Yeasts remained highly susceptible to available antifungal agents.
Interpretation of resistance patterns among low-frequency groups—including Streptococcus spp. (n=10), CRAB, and pericardial isolates—should be considered descriptive due to limited statistical power. We propose replacing line graphs with annual proportion bar charts with 95% confidence intervals to facilitate interpretation of variability and precision in yearly resistance estimates.
Comprehensive antimicrobial susceptibility profiles are detailed in Tables 7–11. Additional stratified analyses and extended antimicrobial resistance comparisons are presented in Tables 13 and 14.
Discussion
This nine-year analysis provides one of the most detailed evaluations of pathogens isolated from sterile body fluids in a tertiary-care setting in Saudi Arabia. The dominance of Gram-negative organisms—particularly Escherichia coli, Klebsiella pneumoniae, and Pseudomonas aeruginosa—aligns with established epidemiological patterns for intra-abdominal and pleural infections.1–4 These organisms are well-recognized as the leading causes of secondary peritonitis, abdominal sepsis, and hospital-associated pleural infections due to gastrointestinal translocation, postoperative contamination, and severe pneumonia.1–4
The stronger dominance of Gram-negatives in peritoneal fluid is consistent with classical secondary peritonitis, whereas pleural infections more frequently involve Gram-positive organisms due to their association with post-pneumonic empyema.4,5 It is critical to interpret the Gram-negative dominance (74.8%) within the context of study methodology. As anaerobic culture was not routine, strict anaerobes (eg, Bacteroides spp., Fusobacterium spp).—which are key pathogens in secondary peritonitis and mature empyema—are under-represented. Consequently, our data likely overestimates the relative proportion of aerobic Gram-negative bacilli compared to true polymicrobial burden.
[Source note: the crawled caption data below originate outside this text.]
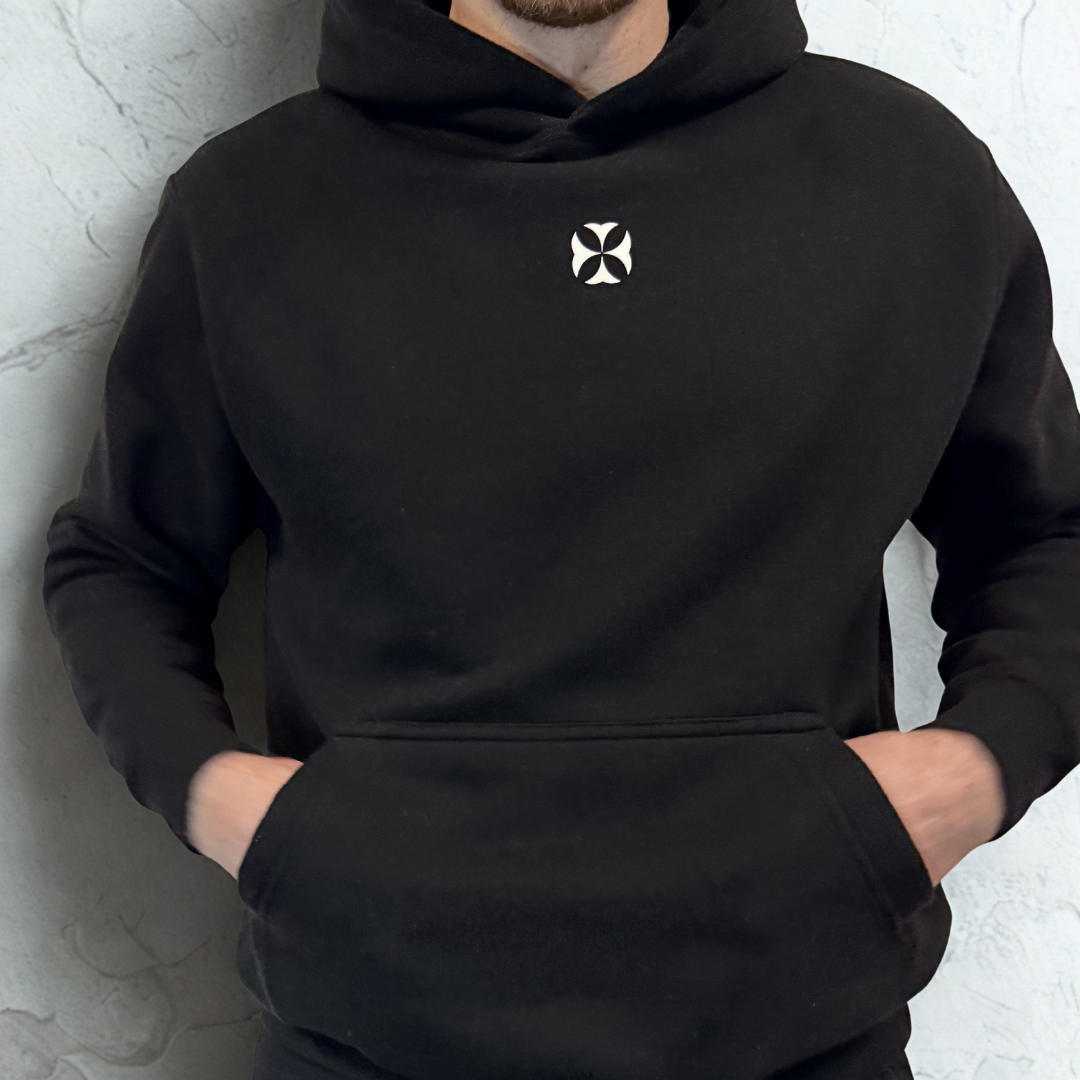 Person wearing a black hoodie with a white logo on a light gray background
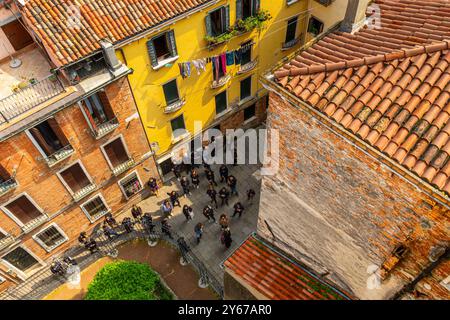 Looking down from Scala del Bovolo , a multi-arch spiral staircase at people in the the small square below in the San Marco sestiere of Venice,Italy Stock Photo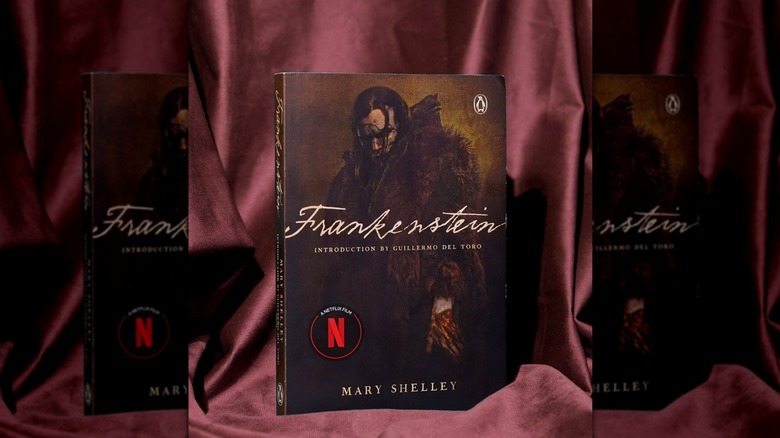 A movie-cover version of "Frankenstein" styled against a pinkish-red cloth backdrop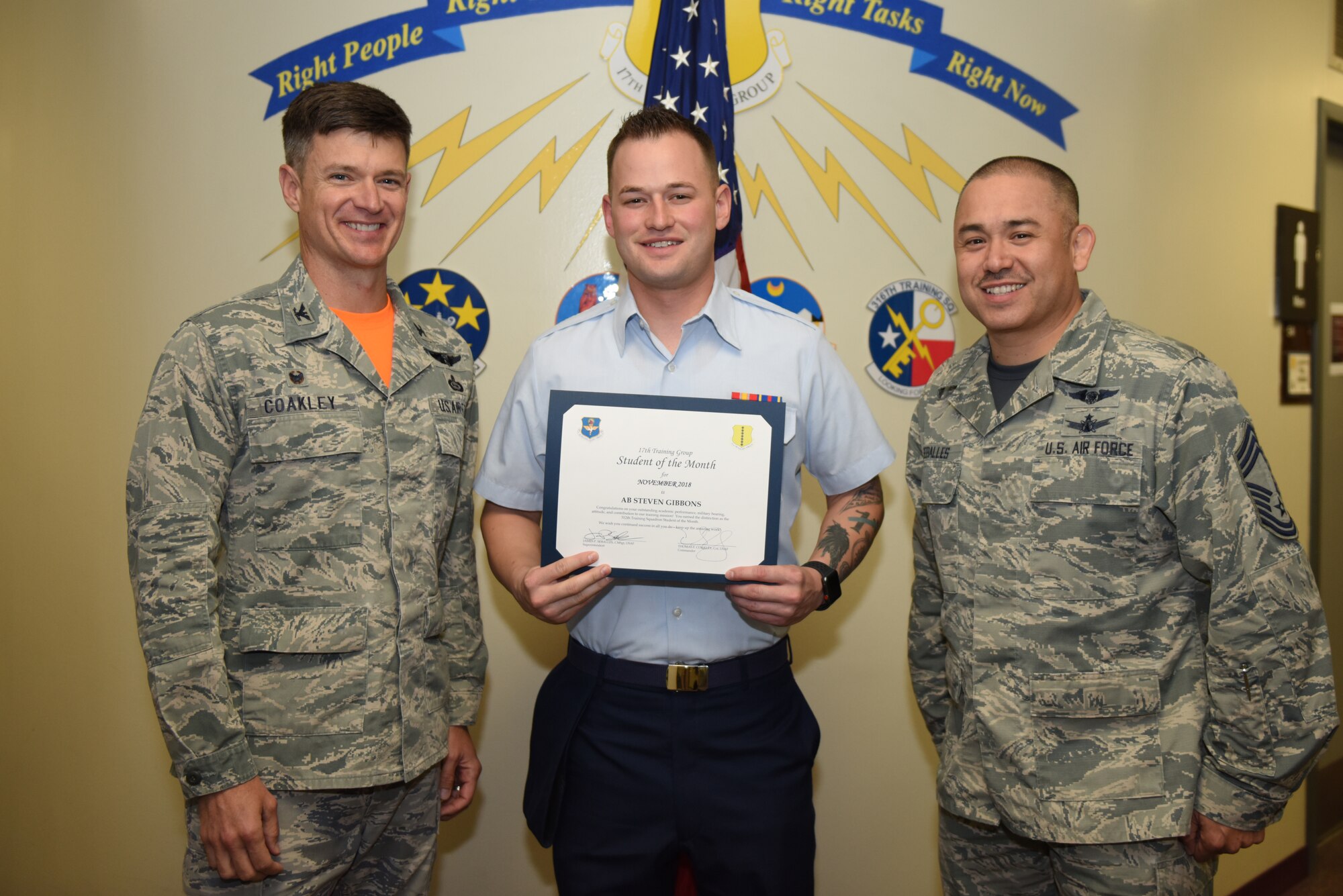 U.S. Air Force Col. Thomas Coakley, 17th Training Group commander, presents the 312th Training Squadron Student of the Month award to Airman Steven Gibbons, 312th TRS student, at Brandenburg Hall on Goodfellow Air Force Base, Texas, Dec. 7, 2018. The 312th TRS’s mission is to provide Department of Defense and international customers with mission ready fire protection and special instruments graduates and provide mission support for the Air Force Technical Applications Center. (U.S. Air Force photo by Senior Airman Scott Jackson/Released)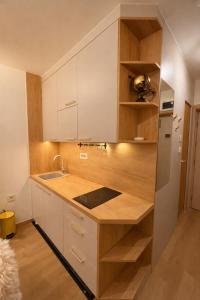 a kitchen with white cabinets and a wooden counter top at Konaci Prime Center in Kopaonik +4 photos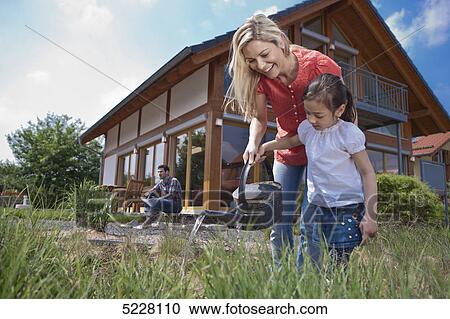 Family in front of Lehner energy house, Poing, Bavaria, Germany, Europe View Large Photo Image Stock Image - Family in front of Lehner energy house, Poing, Bavaria, Germany, Europe . Fotosearch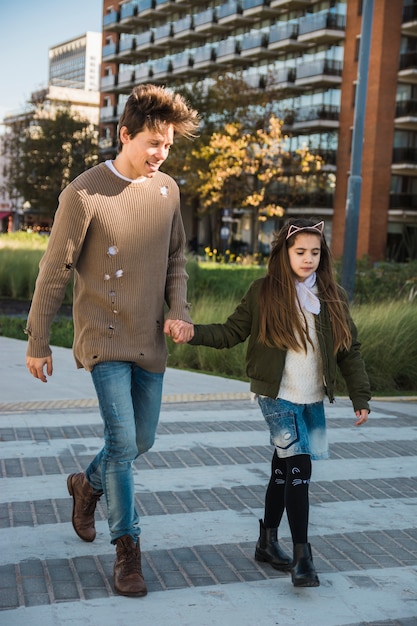 Hombre feliz con su hija caminando juntos en el pavimento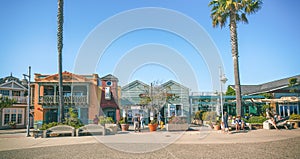 Avila Beach city promenade filled with restaurants, shops, patios, benches, and art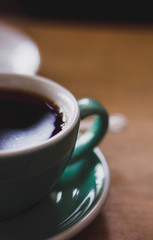 Black coffee in blue cup on wooden background, filter coffee. 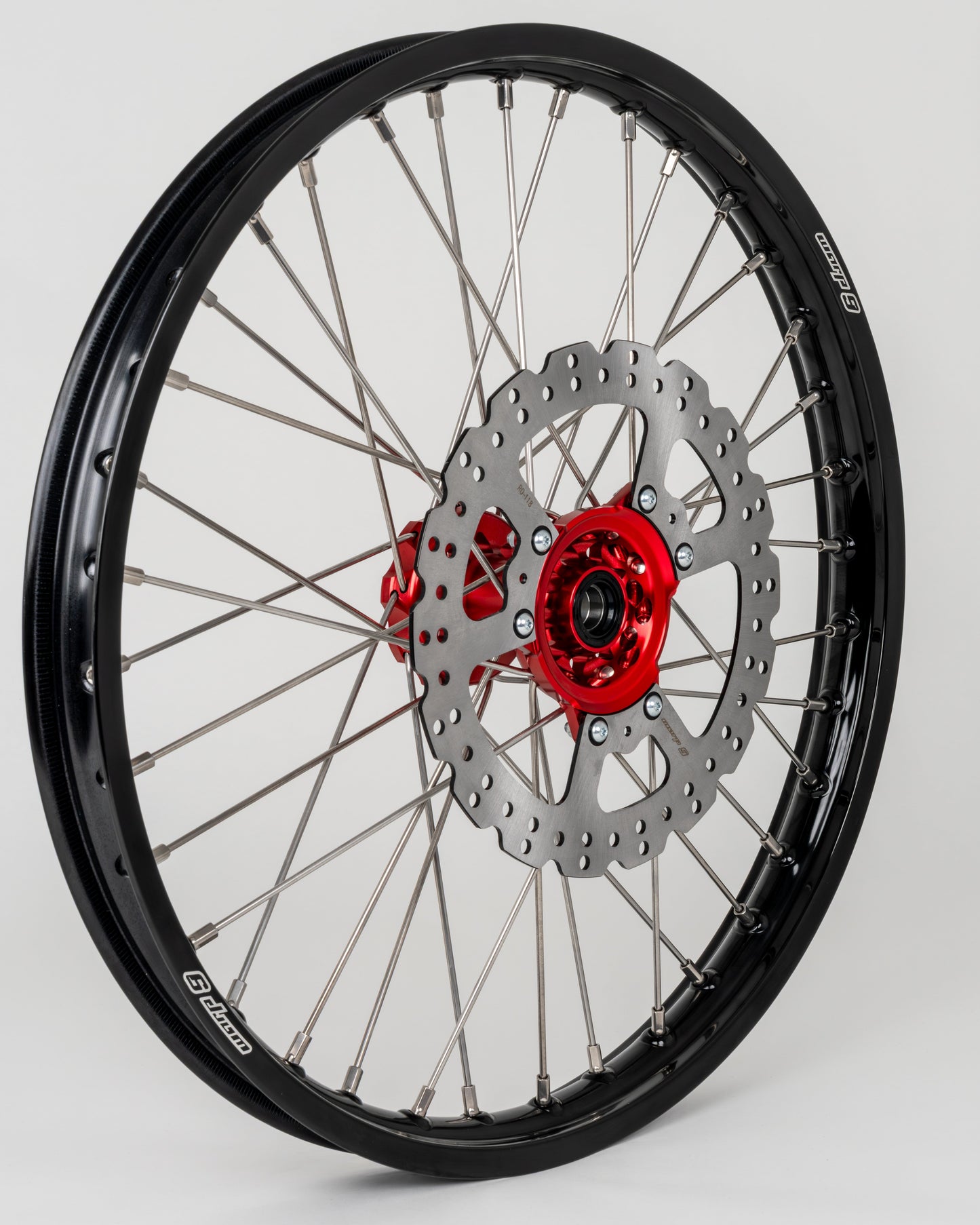 Warp9Racing Honda CR/CRF 21-inch front wheel showing spokes, rim, and hub for off-road motorcycle use.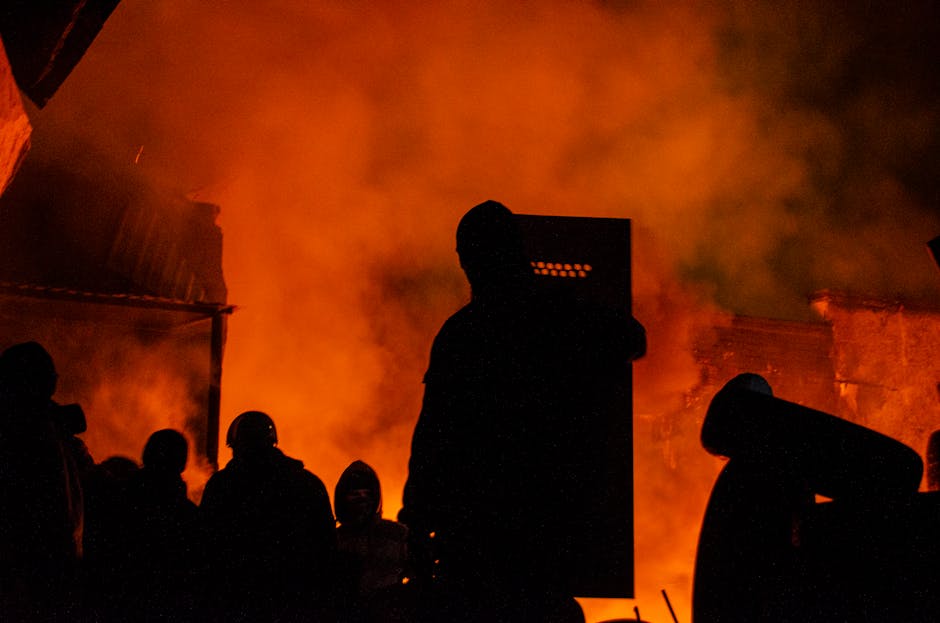 Silhouettes of protesters and smoke against fiery night backdrop in Lviv.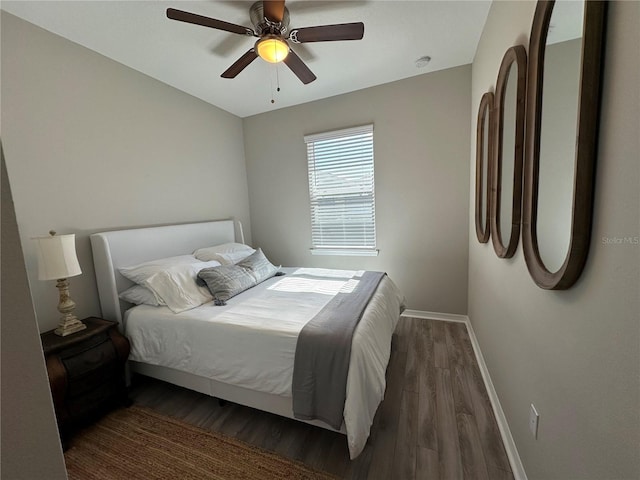 bedroom with dark wood-type flooring and ceiling fan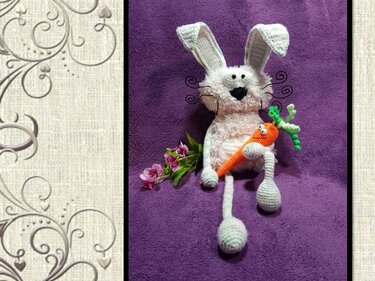 Gehäkelter weißer Hase mit Schlappohren und orangefarbener Möhre auf violettem Hintergrund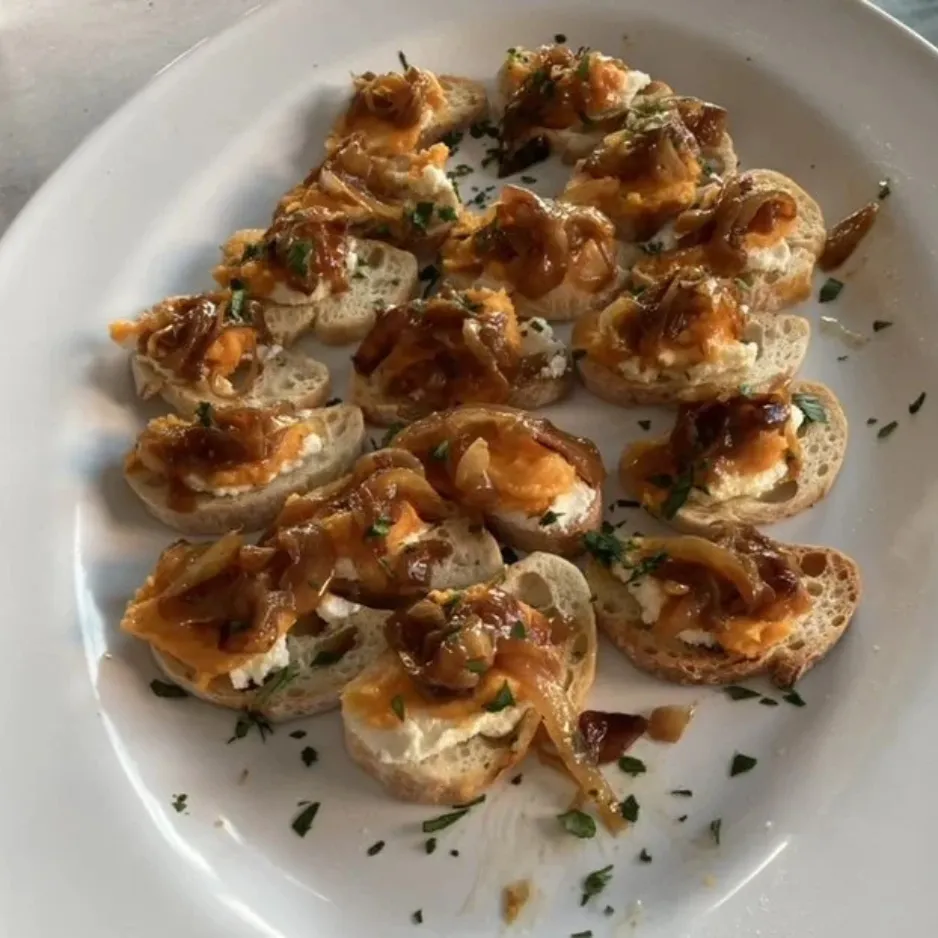 A white platter filled with elegant crostini appetizers topped with caramelized onions and goat cheese for a cocktail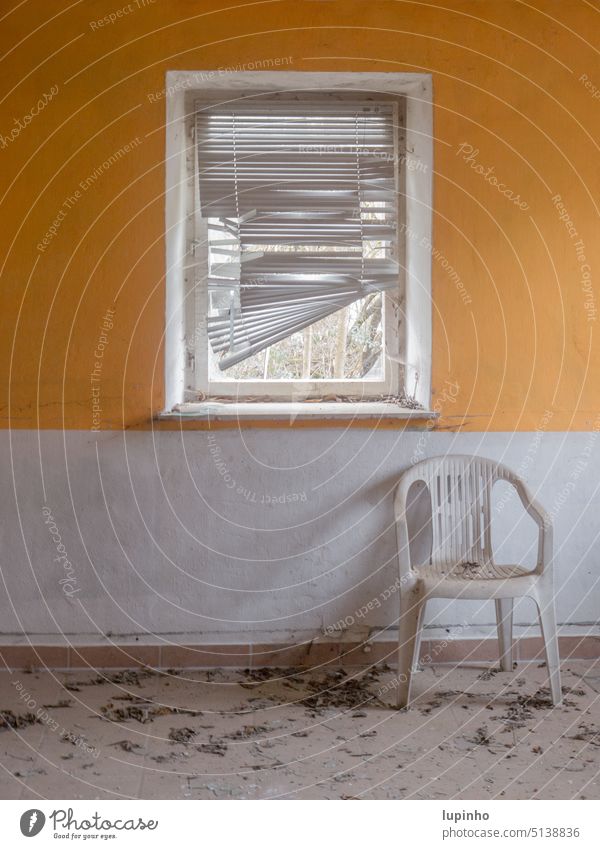 Plastikstuhl vor einem Fenster mit heruntergelassener Jalousie orangeweiß Wand lostplace Bauernhaus Bayern Innenraum Blätter alt verlassen spinnweben stuktur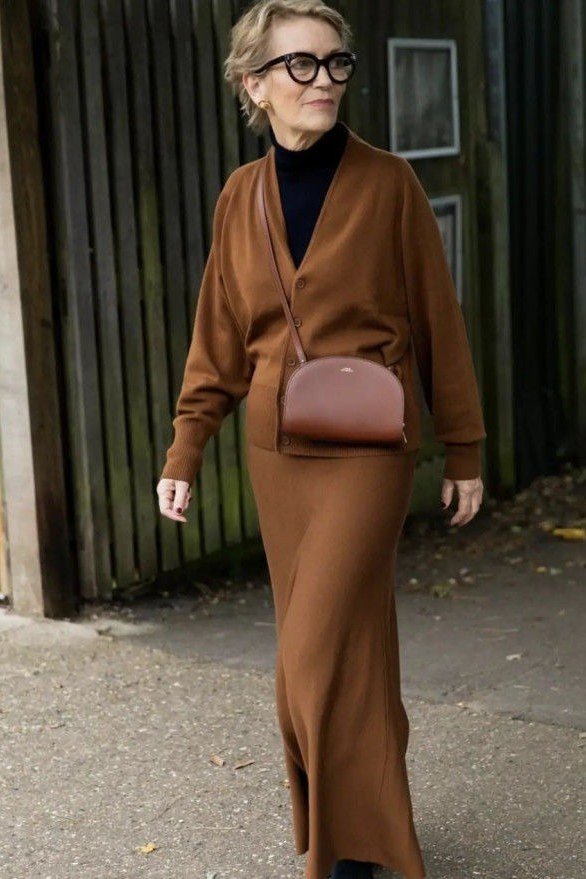 Woman with glasses on a street wearing a camel wrap cardigan with a matching knit skirt set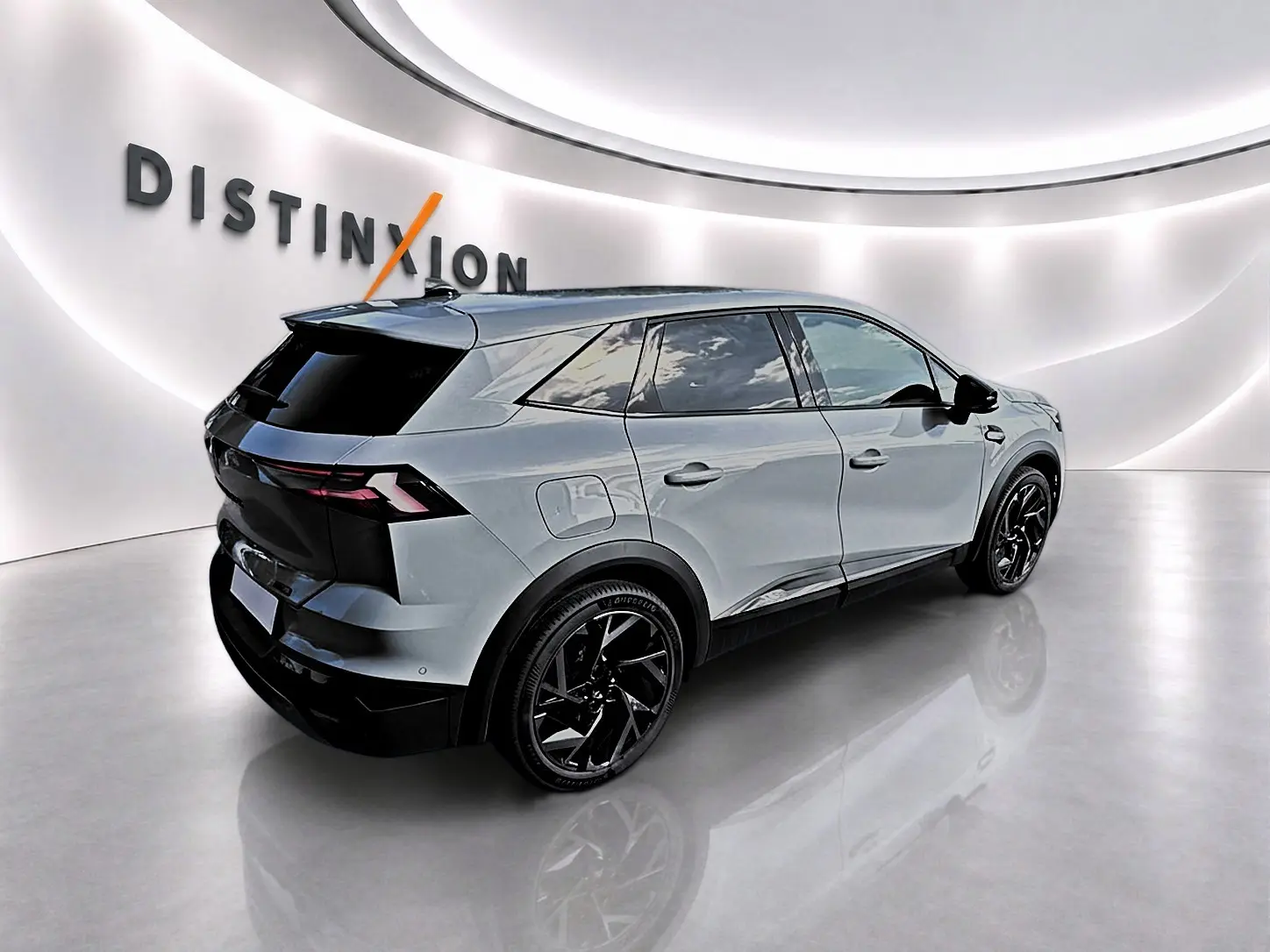 Vue 3/4 arrière droite du Renault Symbioz gris rafale avec jantes noires et vitres surteintées dans un showroom lumineux.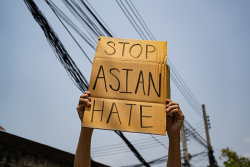 cardboard sign that says Stop Asian Hate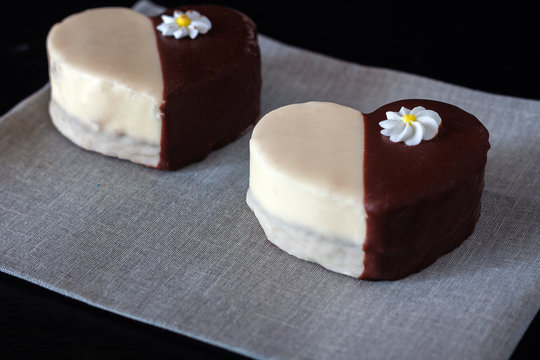 Chocolate covered biscuit in the shape of a heart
Furthermore, the relatively high proportion of Gram-negative isolates in pleural fluid differs from many Western CA-empyema cohorts, where Streptococcus species predominate. This pattern is more consistent with hospital-acquired or postoperative empyema, suggesting our pleural dataset may include a higher proportion of HA infections.4,20,21
Importantly, peritoneal fluid in our dataset encompassed a heterogeneous case-mix, including spontaneous bacterial peritonitis (SBP), secondary peritonitis, and peritoneal dialysis (PD)-associated peritonitis. These clinical entities differ substantially in microbial etiology—SBP is typically monomicrobial and Enterobacterales-predominant, secondary peritonitis is frequently polymicrobial and anaerobe-rich,22 and PD peritonitis more commonly involves skin flora such as coagulase-negative Staphylococci and Enterococcus. Because specimen referral pathways did not systematically distinguish these categories, the resulting pathogen distribution likely over-represents SBP and under-represents polymicrobial postoperative infections. Consequently, the Gram-negative predominance observed in the study reflects aerobic isolates and may not represent the full spectrum of secondary peritonitis.
However, because SBP, secondary peritonitis, and PD-associated peritonitis could not be reliably separated, the observed organism distribution likely over-represents monomicrobial SBP and under-represents polymicrobial surgical peritonitis. Consequently, the Gram-negative predominance observed in the study reflects aerobic isolates and may not represent the full spectrum of secondary peritonitis, in which anaerobes comprise a major component.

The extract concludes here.